Two imidazole-4-imines, (E)-1-(4-chlorophenyl)-N-[1-(4-methylphenyl)-1H-imidazol-4-yl]methanimine, and (E)-1-(4-bromophenyl)-N-[1-(4-methylphenyl)-1H-imidazol-4-yl]methanimine, are isomorphous, the isostructurality index is 99.4 %.

Introduction

Nucleophilic substitution of the nitroimidazole system proved to be a versatile tool for modification of the imidazole moiety [1, 2]. The presence of the nitro group, essential for the reaction mentioned, becomes not only unnecessary but it can interfere with the next potential synthetic transformation. The reduction of the nitro group, relatively easy in benzene derivatives, has proven challenging in azole systems due to metastability of the resulting amines [3, 4]. To this end the reduction and further protection of the nitro functionality appears to be an important synthetic problem.

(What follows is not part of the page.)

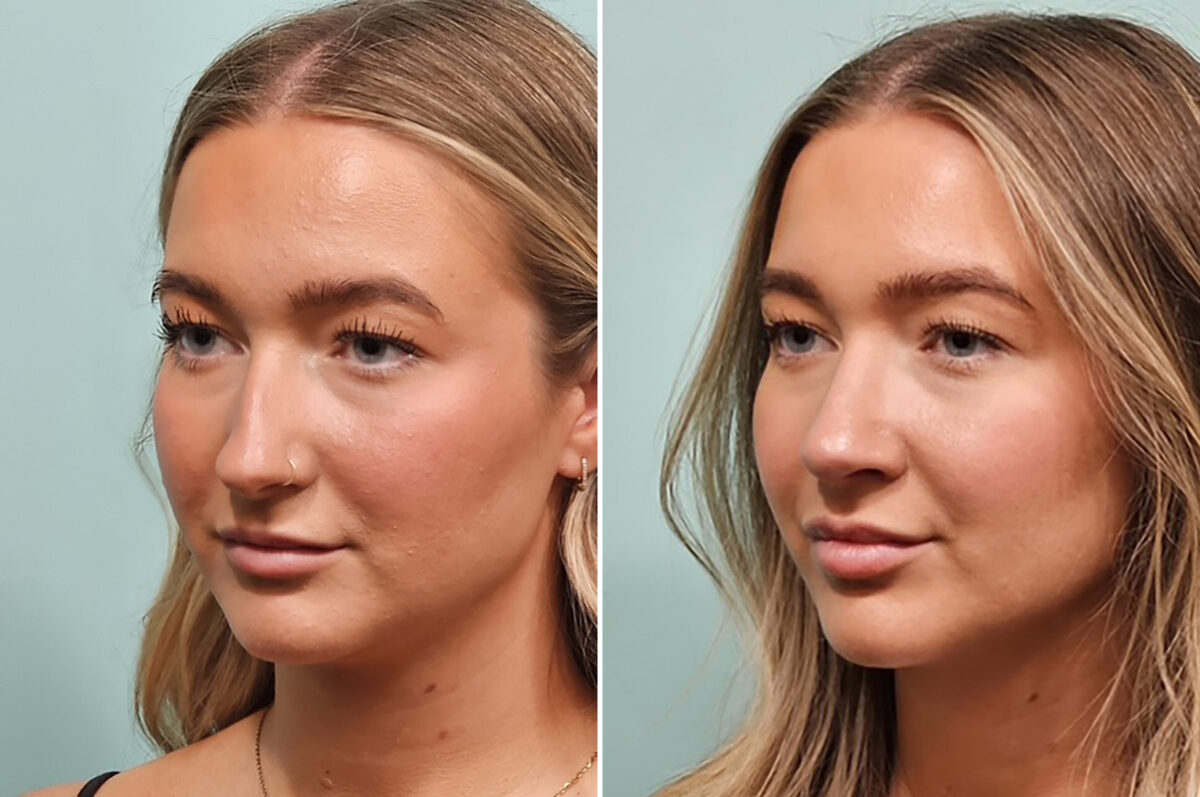 Before and after Rhinoplasty by Dr. Shervin Naderi, Patient 49734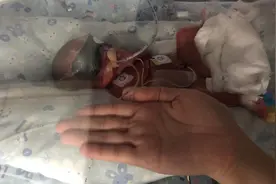 双胞胎姐妹出生时间相隔3天，背后的救治故事令人感动图片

Quite interestingly it turned out that in the Cambridge Structural Database [5] there are only a few examples of 4-aminoimidazoles. Among those there is only one imine-derivative, ethyl 5-(4-methyl-3-phenyl-3H-thiazol-2-ylideneamino)-3-propyl-3H-imidazole-4-carboxylate [6], seven diaza-compounds (e.g., series of phenylazoimidazoles [7]), and one primary, six secondary, and 12 tertiary amines. During our studies on imidazole derivatives we have determined the structures of some imidazole-4-imines. Here we report the results of the analysis of two compounds (Scheme 1, Figs. 1, 2), namely (E)-1-(4-chlorophenyl)-N-[1-(4-methylphenyl)-1H-imidazol-4-yl]methanimine, (1), and (E)-1-(4-bromophenyl)-N-[1-(4-methylphenyl)-1H-imidazol-4-yl]methanimine.

Scheme 1

Chemical formulae for compounds 1 and 2

Fig. 1

Anisotropic ellipsoid representation of molecule 1A together with atom labelling scheme. The ellipsoids are drawn at 50 % probability level, hydrogen atoms are depicted as spheres with arbitrary radii. Hydrogen bonds are drawn as dashed lines

Fig. 2

Anisotropic ellipsoid representation of molecule 2A together with atom labelling scheme. The ellipsoids are drawn at 50 % probability level, hydrogen atoms are depicted as spheres with arbitrary radii

Results and Discussion

Compounds (1) and (2) are isostructural. It is possible to estimate the degree of isostructuralism using the descriptors introduced by Kálmán et al. [8] in his work on so-called “main-part” isostructuralism, or a more specific index defined by Kubicki and Szafrański [9]. The unit-cell similarity index is 0.01, very close to the ideal value of 0. Also the values of both isostructurality indices are close to the ideal values: according to [8] 99.3 % (ideal value 100 %), and according to [9] 0.985 (ideal value 1.0). The isostructuralism can be seen in the almost identical packing diagrams (Fig. 3).

Fig. 3

Crystal packing of a 1 and b 2, as seen along x-direction. Different colors denote symmetry-independent molecules (Color figure online)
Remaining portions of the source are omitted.